Thursday, November 28, 2013

Night at the Improv, Part II

On the same afternoon I made the frankencookies, I decided to make stuffed peppers.  We had gone to an orchard that morning, and I bought three poblano peppers, and we had a little ground beef in the freezer.  The thing is, I had made stuffed peppers with Betty's recipe before, and I wasn't crazy about them.  So I made up everything on my own, thusly:

~ 1/2 # ground beef
1/4 # sweet Italian beef sausage
1 C uncooked rice
1 small tomato I found in the crisper
generous handful (about a cup, maybe a little more) grated cheddar
2 cloves garlic, minced
3 generously proportioned, full-bodied poblano peppers

Boil peppers 5 minutes to soften them a little.
Cook the rice.  I've found that despite the package directions, I get pretty good rice in about 25 minutes.  Halve the peppers lengthwise, keeping in mind they'll need to become bowls soon, so cut them to make deep pockets.  Discard stems and seeds, put the pepper halves in a pot, cover with water, bring to a boil, and cook five minutes to soften them a little.  While the rice simmers away at the back of the stove, cook the beef, sausage, and garlic.  By the way, is your stove in the corner, against a wall, like mine?  Does that force you to have pot and spatula handles in the middle of the range instead of off to the side, out of your way?  Did you fail to consider this, and leave a metal spatula handle sticking out of the meat pan where it could get heated by the pot boiling the peppers and burn the shit out of your hand when you grabbed it?  Put some ice on that.  When the meat's done, dice the tomato and toss that in there, too.  The rice should be done by now, if you planned well (and except for the spatula handle, I did), so you can add that and the cheese to the meat mixture and stir it all together over low heat.

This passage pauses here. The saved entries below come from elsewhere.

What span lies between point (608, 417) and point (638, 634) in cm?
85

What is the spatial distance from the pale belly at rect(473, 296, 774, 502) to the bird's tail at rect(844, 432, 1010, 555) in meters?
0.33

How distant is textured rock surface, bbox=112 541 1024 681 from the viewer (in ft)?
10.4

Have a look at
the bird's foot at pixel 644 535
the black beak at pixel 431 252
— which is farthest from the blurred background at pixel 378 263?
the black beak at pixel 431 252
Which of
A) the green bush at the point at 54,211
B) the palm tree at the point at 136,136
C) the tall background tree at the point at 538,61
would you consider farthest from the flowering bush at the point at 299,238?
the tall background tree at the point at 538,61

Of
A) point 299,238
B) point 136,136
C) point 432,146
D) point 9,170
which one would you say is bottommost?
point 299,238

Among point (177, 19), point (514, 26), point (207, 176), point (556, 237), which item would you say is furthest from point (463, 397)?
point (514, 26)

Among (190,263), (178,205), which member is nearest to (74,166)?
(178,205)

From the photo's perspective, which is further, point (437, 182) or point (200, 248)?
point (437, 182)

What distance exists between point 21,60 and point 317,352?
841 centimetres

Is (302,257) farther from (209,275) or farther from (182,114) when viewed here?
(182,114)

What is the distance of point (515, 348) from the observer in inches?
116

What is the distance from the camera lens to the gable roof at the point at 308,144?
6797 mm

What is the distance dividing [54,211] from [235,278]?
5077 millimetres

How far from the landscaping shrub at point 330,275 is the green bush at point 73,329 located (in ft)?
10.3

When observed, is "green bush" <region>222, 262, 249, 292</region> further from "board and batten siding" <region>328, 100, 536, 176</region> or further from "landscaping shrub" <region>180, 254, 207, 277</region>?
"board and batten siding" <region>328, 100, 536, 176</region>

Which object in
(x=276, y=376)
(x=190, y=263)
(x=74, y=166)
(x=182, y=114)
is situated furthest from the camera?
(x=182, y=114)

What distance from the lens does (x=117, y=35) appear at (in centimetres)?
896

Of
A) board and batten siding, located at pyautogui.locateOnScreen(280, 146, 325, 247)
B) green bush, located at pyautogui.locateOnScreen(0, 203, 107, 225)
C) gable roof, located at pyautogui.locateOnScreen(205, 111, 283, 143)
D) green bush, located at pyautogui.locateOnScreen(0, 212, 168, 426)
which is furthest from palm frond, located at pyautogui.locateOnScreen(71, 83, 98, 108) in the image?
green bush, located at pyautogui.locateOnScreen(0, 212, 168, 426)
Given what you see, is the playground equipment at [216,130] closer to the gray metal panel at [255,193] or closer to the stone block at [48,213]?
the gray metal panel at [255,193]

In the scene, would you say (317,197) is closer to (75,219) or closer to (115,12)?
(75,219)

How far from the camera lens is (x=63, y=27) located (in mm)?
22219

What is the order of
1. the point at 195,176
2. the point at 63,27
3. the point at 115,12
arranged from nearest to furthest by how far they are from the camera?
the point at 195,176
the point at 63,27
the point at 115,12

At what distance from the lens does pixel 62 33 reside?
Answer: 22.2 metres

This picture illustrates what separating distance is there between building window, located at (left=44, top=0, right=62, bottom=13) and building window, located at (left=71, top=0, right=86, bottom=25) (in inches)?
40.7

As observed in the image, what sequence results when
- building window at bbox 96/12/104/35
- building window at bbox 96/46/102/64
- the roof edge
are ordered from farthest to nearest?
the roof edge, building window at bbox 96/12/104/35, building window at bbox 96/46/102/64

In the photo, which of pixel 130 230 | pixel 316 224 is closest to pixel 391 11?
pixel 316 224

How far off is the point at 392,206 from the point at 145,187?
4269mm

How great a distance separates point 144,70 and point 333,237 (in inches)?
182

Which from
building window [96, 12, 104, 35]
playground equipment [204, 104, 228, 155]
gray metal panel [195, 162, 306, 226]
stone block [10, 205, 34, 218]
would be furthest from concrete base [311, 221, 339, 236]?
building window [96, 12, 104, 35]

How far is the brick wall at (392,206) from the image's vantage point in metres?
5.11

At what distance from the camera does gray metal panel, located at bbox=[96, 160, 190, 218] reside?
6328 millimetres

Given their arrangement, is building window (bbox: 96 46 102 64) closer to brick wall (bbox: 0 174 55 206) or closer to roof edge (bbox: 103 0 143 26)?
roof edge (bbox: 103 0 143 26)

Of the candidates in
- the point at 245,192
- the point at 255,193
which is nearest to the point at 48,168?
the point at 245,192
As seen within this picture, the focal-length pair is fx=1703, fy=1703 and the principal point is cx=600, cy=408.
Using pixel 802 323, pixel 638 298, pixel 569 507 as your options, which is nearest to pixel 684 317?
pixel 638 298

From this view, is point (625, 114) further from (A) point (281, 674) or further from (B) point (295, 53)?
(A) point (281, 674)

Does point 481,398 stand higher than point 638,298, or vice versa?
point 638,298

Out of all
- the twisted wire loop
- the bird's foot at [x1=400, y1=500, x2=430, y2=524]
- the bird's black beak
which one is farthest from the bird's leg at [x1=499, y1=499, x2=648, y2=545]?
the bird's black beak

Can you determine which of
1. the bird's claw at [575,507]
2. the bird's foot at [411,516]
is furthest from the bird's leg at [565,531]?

Pretty much any meal can be improved with the inclusion of good sausage.
By this time, I had decided that I wanted to make popovers, too, but the popovers cook at two different temperatures (first high, then a little lower towards the end), and neither was where I planned to bake the peppers, so I compromised and set the oven at 375F.

Filled pepper halves, just before I baked them.  They didn't last long enough after baking to get their picture taken again.
Turn off all your burners and start spooning filling into pepper halves.  Set them in a glass baking dish.  I had a little filling left over, so if your amounts are all the same as mine, and your peppers are the same size, you might need four instead of three (eight halves instead of six).  I baked them about half an hour, maybe forty minutes, with the popovers.  Faked my way through the whole meal, and all of it was tasty.  I was really happy with how the peppers turned out, and felt even better about that because I really hadn't liked Betty's recipe the first time I made them.  However, I'd add some cumin and curry powder if I did it again (and I probably will).